Paul, I suggest that you REALLY think this one through. The UK is in one heck of a mess at the moment. There are businesses going to the wall on a daily basis and the cost of living is really starting to bite. There are middle class families for the London surounding area who now use food banks. Its pretty dire. 

If your wife thinks that being a UK citizan is going to improve life she's she been reading **** Whittington and thinks the streets are paved with gold. There is little work about and what there is a happened to be either self employed so you get bearly anything with no benefit support or its temp hours and crazy shift work at minimum rate of pay. 
She might earn more in the UK but honestly you will be paying more as well. As and example petrol (gas) is 6.13 GBP a gallon (thats 9.37 USD) . The hourly rate in the UK is at the moment 6.31 (834 dinar)

Ive a feeling you may have been taken for a small but clear ride here because of the pressure to move here going on. 

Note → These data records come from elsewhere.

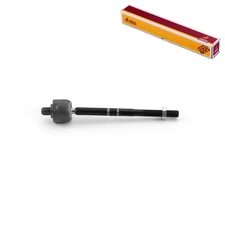 For 2010-2016 Mercedes-Benz E350 Sedan RWD Front Inner Suspension Tie Rod End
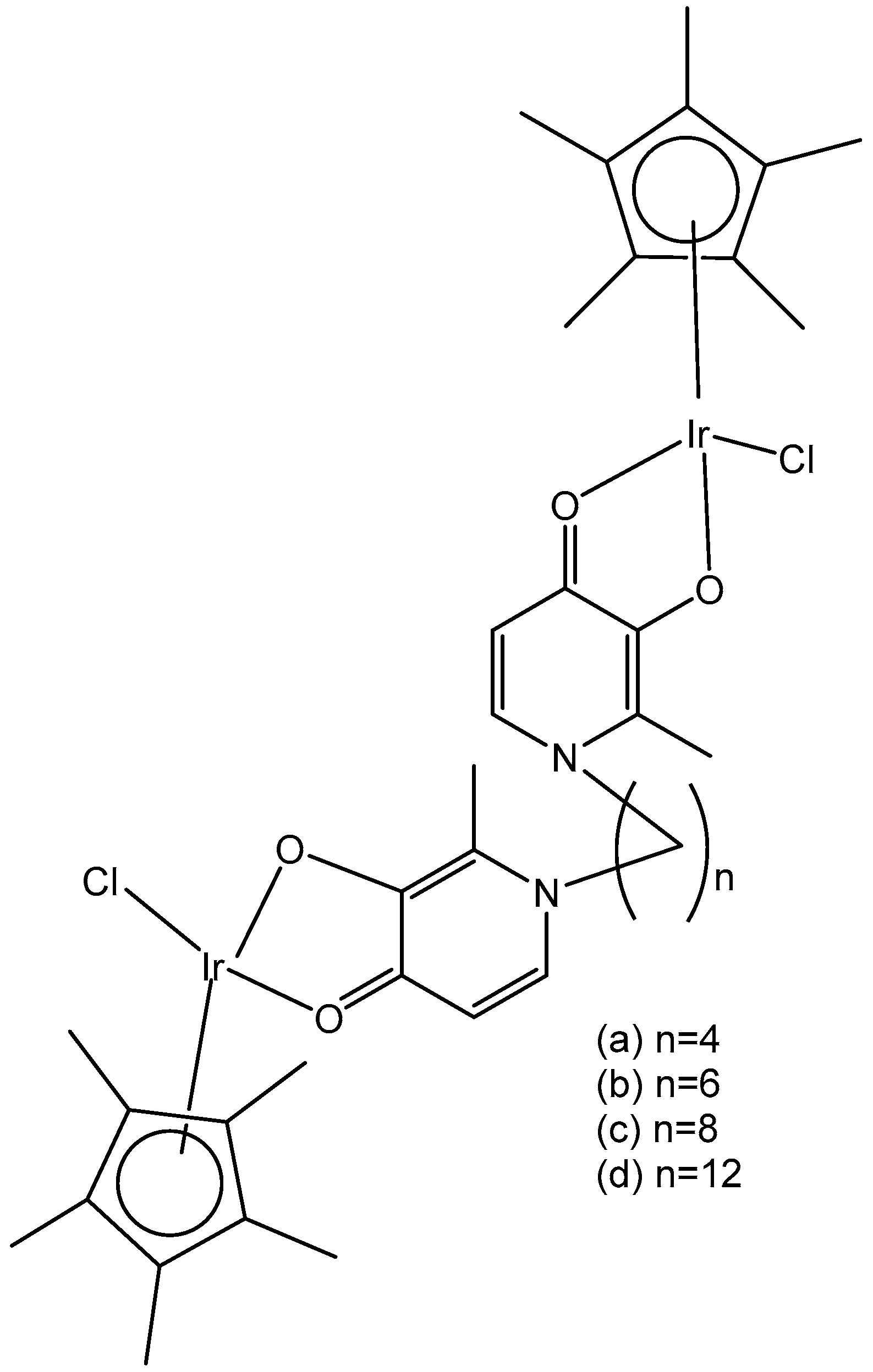 Molecules 30 00801 g040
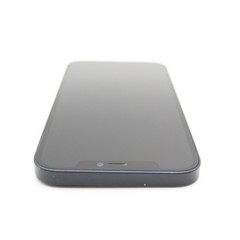 Apple iPhone 12 A2172 64GB Good Condition | Black | UNLOCKED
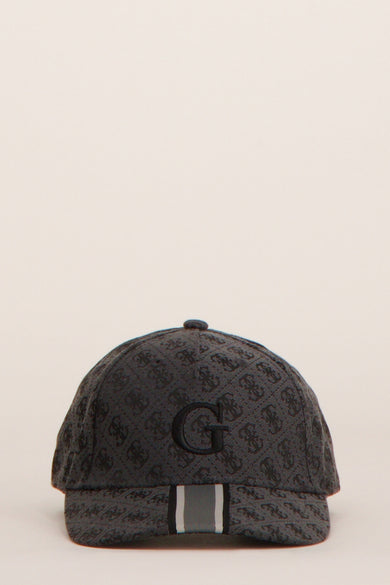 Casquette Noir - Guess®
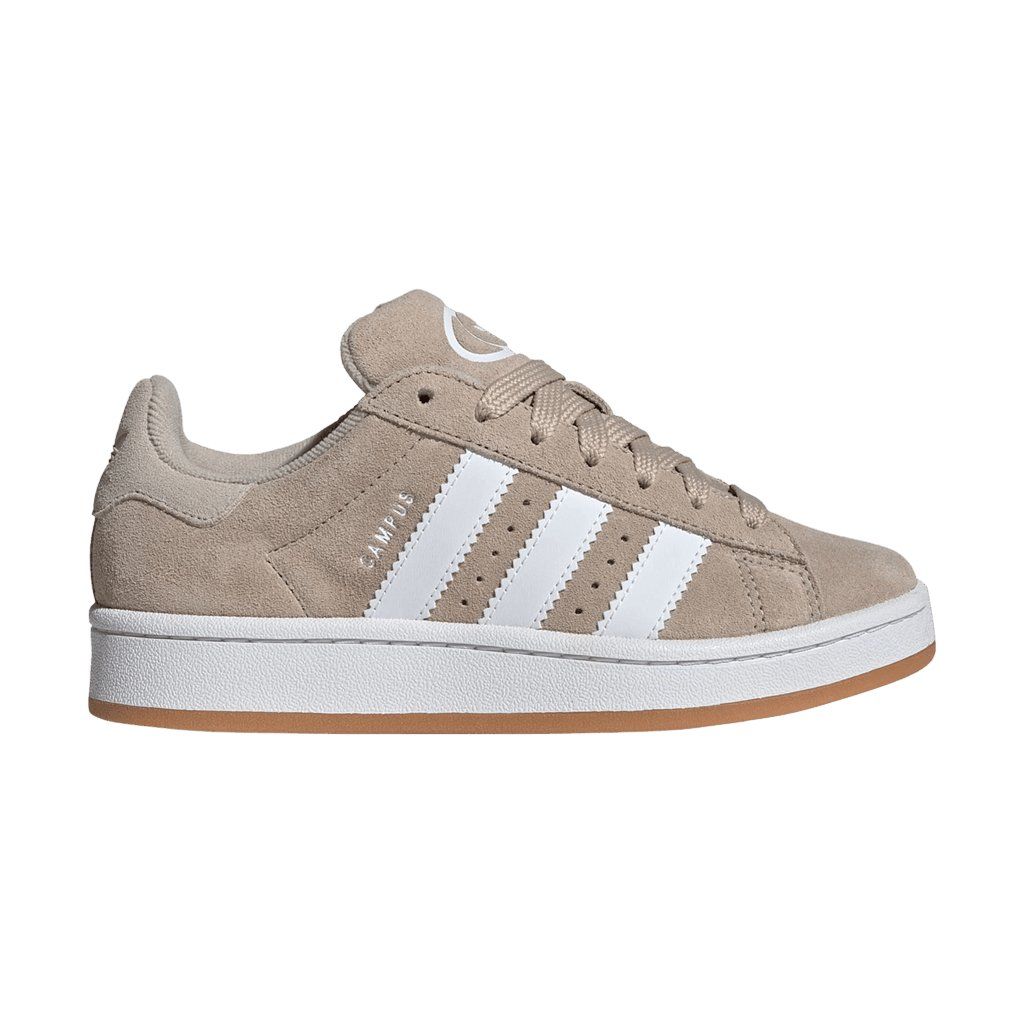 adidas Campus 00s Wonder Beige (GS)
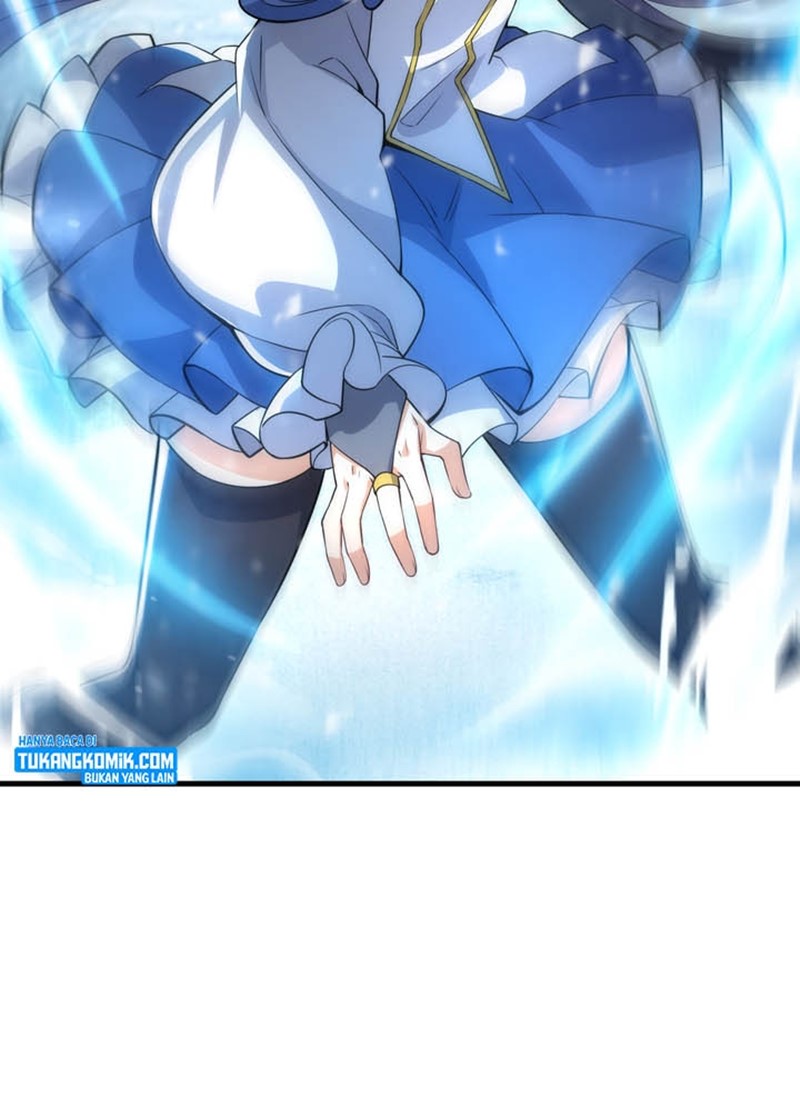 image-komik-despite-coming-from-the-abyss-i-will-save-humanity-chapter-23-11/12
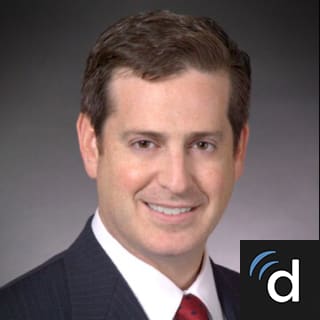 Charles Lisner, MD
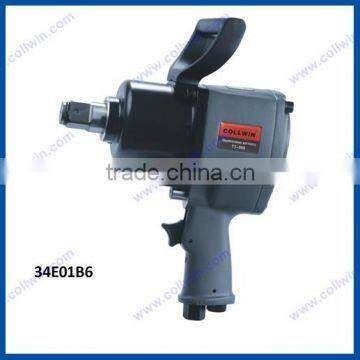 1 Inch Air Impact Gun Pneumatic Tools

If your business is going well stick with it for now. If you move you'll have to start all over, the money will NOT be there (and you will not get benefits from DWP because youve been out of NI compliance for so long) and at the moment there is alot of talking about imigration and what they will be allowed and not allowed to do. As you W is not a UK/Eurpean citizan there will be some support as your wife, these are minimal. You really need to speak to the UK consolate and check what you can and cannot do. I suspect that your W may not be allowed to just walk in on her passport and start working etc.


----------